# Bulkhead prices and recommendations



## bumfisherman (Sep 5, 2005)

I am looking at purchasing a canal lot and it will require 300 feet of bulkhead. Is the heavy vinyl the highest quality and longest lasting? For residential purposes what is the estimated cost per linear foot? Any other ideas? Thanks in advance.


----------



## Hullahopper (May 24, 2004)

Concrete is the highest quality and longest lasting. 300' Yikes! Hope your wallet is quite large! I think there are a couple of bulkhead people on 2Cool that can help you on the pricing.


----------



## boatlift (Jun 23, 2009)

Let me know where you're located & I can hook you up with people we supply that do that.

Tight Lines & Happy Hunting,
Michael Fulweber
Boat Lift Distributors & Big Country Outdoors
800-657-9998
713-461-9443 (local)
www.liftboat.com
www.bigcountryoutdoors.net
Logic, safety & superior construction is the pulse of Boat Lift Distributors.


----------



## Jerry-rigged (May 21, 2004)

I did a vinyl sheet-pile bulkhead a few years ago, about ~130' for me. This was in '04,'05, so pricing probably has changed. I am thinking the 1/2" plastic will last longer than me (has a 50 year warranty). However, the treated 2x12 top cap and face board may need to be replaced in another 10-20 years, don't really know.

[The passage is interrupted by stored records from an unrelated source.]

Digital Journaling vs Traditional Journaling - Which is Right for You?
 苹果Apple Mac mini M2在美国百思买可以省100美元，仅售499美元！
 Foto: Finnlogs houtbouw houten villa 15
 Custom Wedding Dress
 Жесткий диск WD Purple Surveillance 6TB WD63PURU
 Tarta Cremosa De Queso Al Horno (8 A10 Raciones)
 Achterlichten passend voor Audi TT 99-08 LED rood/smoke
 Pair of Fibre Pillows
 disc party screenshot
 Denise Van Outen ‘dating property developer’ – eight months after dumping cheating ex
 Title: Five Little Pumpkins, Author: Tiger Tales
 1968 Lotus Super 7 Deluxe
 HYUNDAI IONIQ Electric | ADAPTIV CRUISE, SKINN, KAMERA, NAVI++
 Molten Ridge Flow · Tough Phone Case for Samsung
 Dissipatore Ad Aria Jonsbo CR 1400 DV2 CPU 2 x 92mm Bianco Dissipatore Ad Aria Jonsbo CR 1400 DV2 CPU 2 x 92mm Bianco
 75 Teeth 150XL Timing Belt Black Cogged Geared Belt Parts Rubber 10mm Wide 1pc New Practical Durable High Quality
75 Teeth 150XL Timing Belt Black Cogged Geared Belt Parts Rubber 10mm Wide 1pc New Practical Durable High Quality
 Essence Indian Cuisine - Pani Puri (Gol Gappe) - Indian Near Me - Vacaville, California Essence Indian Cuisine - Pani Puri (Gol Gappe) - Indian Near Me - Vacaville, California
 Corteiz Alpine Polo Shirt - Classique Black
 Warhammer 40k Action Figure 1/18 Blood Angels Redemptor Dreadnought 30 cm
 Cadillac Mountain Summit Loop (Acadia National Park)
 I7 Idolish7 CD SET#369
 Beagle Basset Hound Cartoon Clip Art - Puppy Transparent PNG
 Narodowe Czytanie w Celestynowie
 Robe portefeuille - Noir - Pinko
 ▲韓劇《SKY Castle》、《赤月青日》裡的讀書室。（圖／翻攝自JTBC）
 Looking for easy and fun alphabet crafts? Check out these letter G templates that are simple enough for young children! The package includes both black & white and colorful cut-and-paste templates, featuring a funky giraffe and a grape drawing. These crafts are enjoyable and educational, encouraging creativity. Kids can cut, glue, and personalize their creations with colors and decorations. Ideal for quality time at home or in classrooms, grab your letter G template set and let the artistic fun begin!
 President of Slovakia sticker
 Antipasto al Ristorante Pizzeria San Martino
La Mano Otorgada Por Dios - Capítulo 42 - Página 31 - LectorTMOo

Weather you use the sheet pile, concrete, or whatever, be sure you use good deadmans. My neighbor had a concrete bulkhead, and when the deadman rusted through, the wall fell over.


----------



## CHARLIE (Jun 2, 2004)

Concrete is cheaper here in Tiki but can they get to your bulkhead with a dragline? The beauty of vinyl is its lite and can be driven with jackhammers. But it is more expensive. Have to watch the installers close because sometimes the panels mite hit something down in the mud and stop going. Some of the installers just cut them off which is bad. I wouild guess that good vinly bulkhead is now close to $125 bucks a foot and cement probably a little less.


----------



## T-Muney (Aug 12, 2005)

I had about 60' done on the colorado river about 4 or 5 years ago. Think i paid about 8k. Should be cheaper if its in a canal i would think.


----------



## bumfisherman (Sep 5, 2005)

Has anyone here constructed a bulkhead yourself? Any suggestions?


----------



## kenny (May 21, 2004)

It depends what the lot price is. 300' of any bulkhead is going to cost a fortune. I'd either find another lot or get the property owner to drop the price.


----------



## monkeyman1 (Dec 30, 2007)

troy woodall, 281.353.3665 or robert crawley, 713.253.1107...crawley's shoreline const. inc.


----------



## Johnboat (Jun 7, 2004)

*You can not beat this deal !*

0.6 acre culdesac lot with 226 feet of concrete bulkhead and big boat depth, underground utilities and sewer initial fee paid.... casting distance from the ICW near the intersection with the Houston ship channel....all for $75K.

http://search.har.com/engine/1800-Laguna-Harbor-Estate-Blvd-Port-Bolivar-TX-77650_HAR99020343.htm


----------



## fishinguy (Aug 5, 2004)

monkeyman1 said:


> troy woodall, 281.353.3665 or robert crawley, 713.253.1107...crawley's shoreline const. inc.


thanks

I need to get some done too but will probably have to wait till next year. I called someone down there already and I think they where at $110 a foot I need about 150' or 160'. Can't wait to get it but could wait on paying for it LOL.


----------